• RECORDED DATA:

━━━━━━━━━━━━━━━━━━━━━━━━━━━━━━

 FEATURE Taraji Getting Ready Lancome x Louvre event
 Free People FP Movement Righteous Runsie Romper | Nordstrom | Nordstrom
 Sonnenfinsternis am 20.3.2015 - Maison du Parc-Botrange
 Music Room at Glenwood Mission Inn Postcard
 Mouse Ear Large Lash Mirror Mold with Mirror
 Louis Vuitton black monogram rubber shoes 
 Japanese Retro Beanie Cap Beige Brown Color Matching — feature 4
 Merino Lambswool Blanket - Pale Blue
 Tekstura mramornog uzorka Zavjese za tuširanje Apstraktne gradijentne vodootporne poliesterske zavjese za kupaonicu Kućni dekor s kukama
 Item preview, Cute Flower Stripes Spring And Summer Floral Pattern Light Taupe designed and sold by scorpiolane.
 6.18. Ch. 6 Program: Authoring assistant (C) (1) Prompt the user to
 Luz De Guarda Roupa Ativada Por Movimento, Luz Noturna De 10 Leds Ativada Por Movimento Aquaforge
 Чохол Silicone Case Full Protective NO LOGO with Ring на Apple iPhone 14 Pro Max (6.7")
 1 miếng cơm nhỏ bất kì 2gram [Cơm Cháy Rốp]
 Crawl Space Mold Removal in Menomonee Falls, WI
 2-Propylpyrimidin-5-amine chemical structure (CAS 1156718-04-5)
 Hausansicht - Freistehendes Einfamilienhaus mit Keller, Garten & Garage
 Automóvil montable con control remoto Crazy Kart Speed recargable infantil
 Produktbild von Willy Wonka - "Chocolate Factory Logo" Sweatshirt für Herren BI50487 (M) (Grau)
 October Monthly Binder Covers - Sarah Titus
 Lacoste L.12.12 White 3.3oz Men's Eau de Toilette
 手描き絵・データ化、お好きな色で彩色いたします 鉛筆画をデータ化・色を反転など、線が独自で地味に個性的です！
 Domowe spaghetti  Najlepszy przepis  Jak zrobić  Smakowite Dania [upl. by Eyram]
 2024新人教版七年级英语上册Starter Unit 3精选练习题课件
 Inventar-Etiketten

━━━━━━━━━━━━━━━━━━━━━━━━━━━━━━

• TASK GOAL:
Transcribe all of the data exactly, leaving no line out.

• RESULT OF THIS TASK:
 FEATURE Taraji Getting Ready Lancome x Louvre event
 Free People FP Movement Righteous Runsie Romper | Nordstrom | Nordstrom
 Sonnenfinsternis am 20.3.2015 - Maison du Parc-Botrange
 Music Room at Glenwood Mission Inn Postcard
 Mouse Ear Large Lash Mirror Mold with Mirror
 Louis Vuitton black monogram rubber shoes 
 Japanese Retro Beanie Cap Beige Brown Color Matching — feature 4
 Merino Lambswool Blanket - Pale Blue
 Tekstura mramornog uzorka Zavjese za tuširanje Apstraktne gradijentne vodootporne poliesterske zavjese za kupaonicu Kućni dekor s kukama
 Item preview, Cute Flower Stripes Spring And Summer Floral Pattern Light Taupe designed and sold by scorpiolane.
 6.18. Ch. 6 Program: Authoring assistant (C) (1) Prompt the user to
 Luz De Guarda Roupa Ativada Por Movimento, Luz Noturna De 10 Leds Ativada Por Movimento Aquaforge
 Чохол Silicone Case Full Protective NO LOGO with Ring на Apple iPhone 14 Pro Max (6.7")
 1 miếng cơm nhỏ bất kì 2gram [Cơm Cháy Rốp]
 Crawl Space Mold Removal in Menomonee Falls, WI
 2-Propylpyrimidin-5-amine chemical structure (CAS 1156718-04-5)
 Hausansicht - Freistehendes Einfamilienhaus mit Keller, Garten & Garage
 Automóvil montable con control remoto Crazy Kart Speed recargable infantil
 Produktbild von Willy Wonka - "Chocolate Factory Logo" Sweatshirt für Herren BI50487 (M) (Grau)
 October Monthly Binder Covers - Sarah Titus
 Lacoste L.12.12 White 3.3oz Men's Eau de Toilette
 手描き絵・データ化、お好きな色で彩色いたします 鉛筆画をデータ化・色を反転など、線が独自で地味に個性的です！
 Domowe spaghetti  Najlepszy przepis  Jak zrobić  Smakowite Dania [upl. by Eyram]
 2024新人教版七年级英语上册Starter Unit 3精选练习题课件
 Inventar-Etiketten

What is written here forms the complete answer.